Oil prices declined in Asian markets on Monday, continuing a downward trend following August losses, as investors appeared less concerned about immediate supply disruptions from potential secondary sanctions on Russian crude. Attention shifted instead to new Chinese factory data for indications of demand.

At 23:01 ET (03:01 GMT), Brent crude for October delivery fell 0.4% to $67.21 per barrel, while West Texas Intermediate (WTI) crude also declined 0.4%, settling at $63.78 per barrel. Both benchmarks recorded drops of more than 7% during August, pressured by concerns over oversupply amid steady OPEC+ production increases.

Market Shows Little Reaction to Russian Supply Sanction Risks

Hopes for a Russia-Ukraine peace deal have waned following U.S. President Donald Trump’s call last month for Ukrainian President Volodymyr Zelenskyy and Russian President Vladimir Putin to hold direct talks before considering a trilateral summit in Washington. Despite this, worries about potential sanctions on Russian oil buyers have eased.

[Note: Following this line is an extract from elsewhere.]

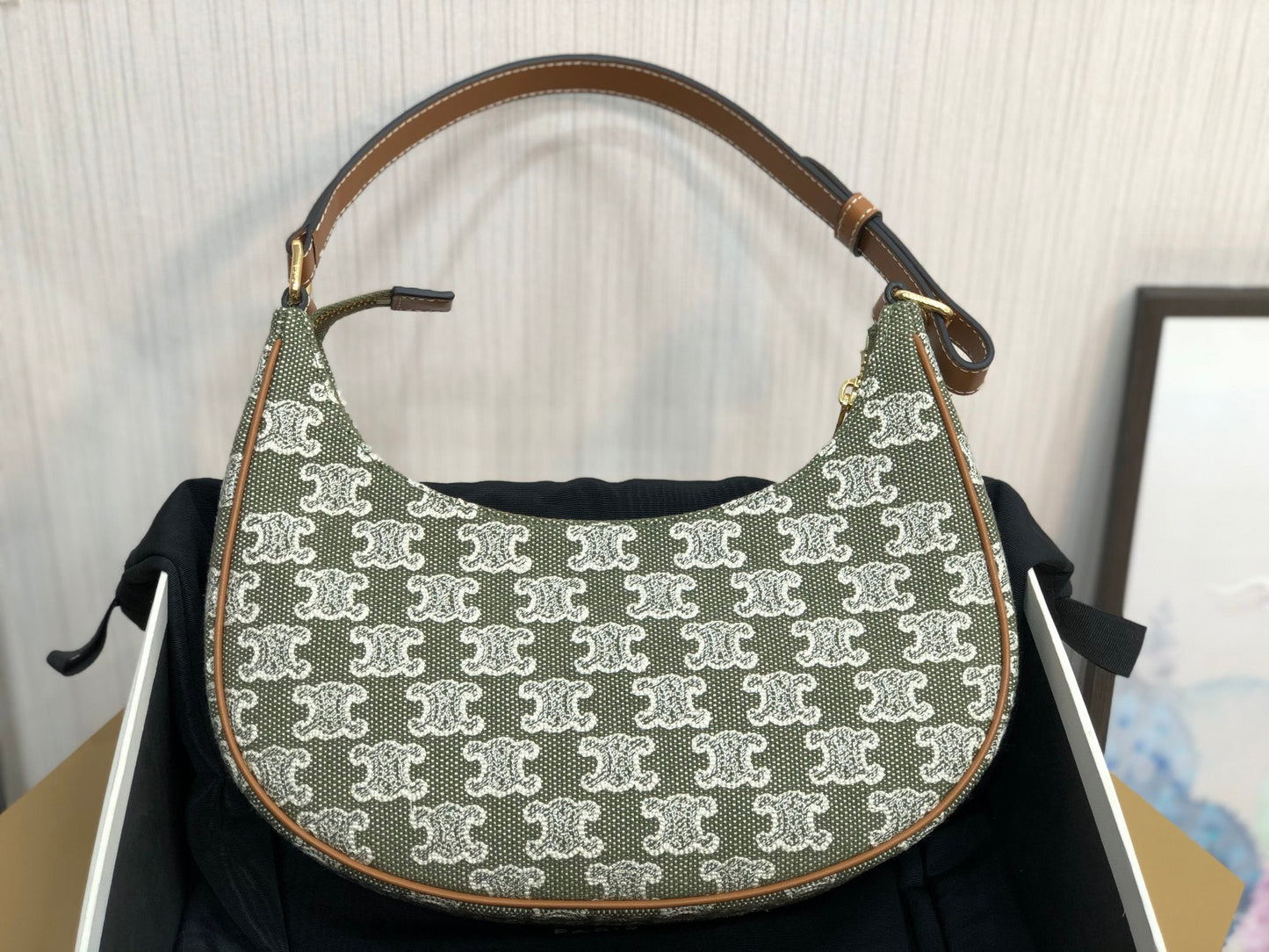 Top Quality Ava Bag In Triomphe Canvas Green For Women 9in/23cm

“Oil prices settled lower last week despite growing European calls for secondary sanctions on buyers of Russian oil and gas. The mild reaction may suggest the market is becoming increasingly numb towards sanction risks,” ING analysts said in a note.

“And that to be effective, sanctions would likely need US backing. Up until now, the US has only imposed secondary tariffs on India for its purchases of Russian oil, not other key players like China,” they added.

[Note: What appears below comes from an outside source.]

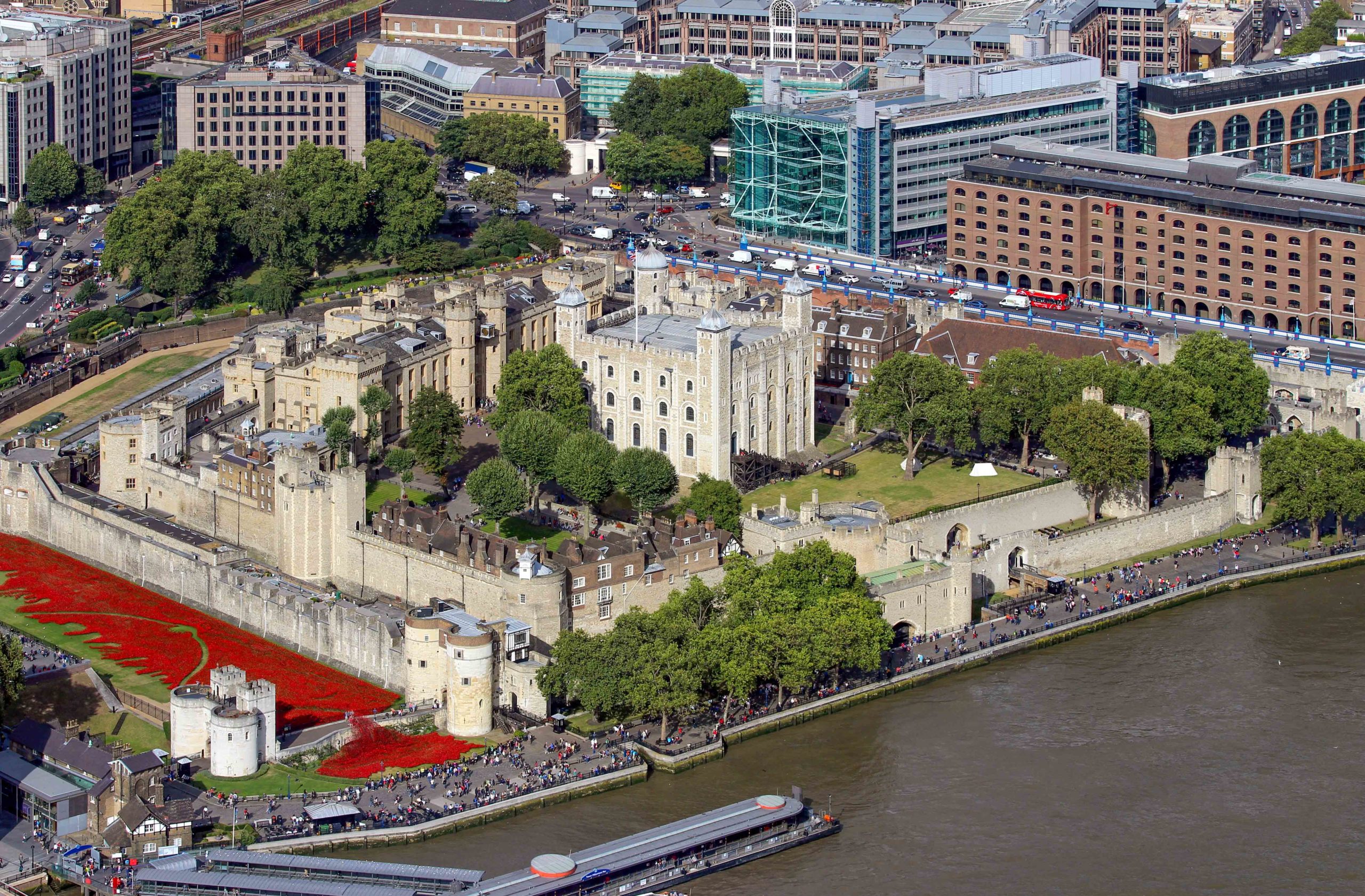 Châteaux anglais - Tower of London © Hilarmont - licence [CC BY-SA 3.0 de] from Wikimedia Commons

In connection with India’s continued purchases of Russian crude, an additional 25% U.S. tariff on Indian imports came into effect last week, doubling the total duty to 50% as of August 27.

Traders Weigh Demand Outlook; China PMI in Focus

Seasonal trends are also under scrutiny, with U.S. fuel consumption expected to ease as the summer driving season winds down. Rising OPEC+ output in the coming months may increase supply further, potentially boosting inventories if economic growth remains slow.

Demand projections remain mixed following contrasting economic readings from China. The official manufacturing purchasing managers’ index (PMI) showed a contraction in August, while a private RatigDog survey indicated that factory activity rebounded at the fastest pace in five months.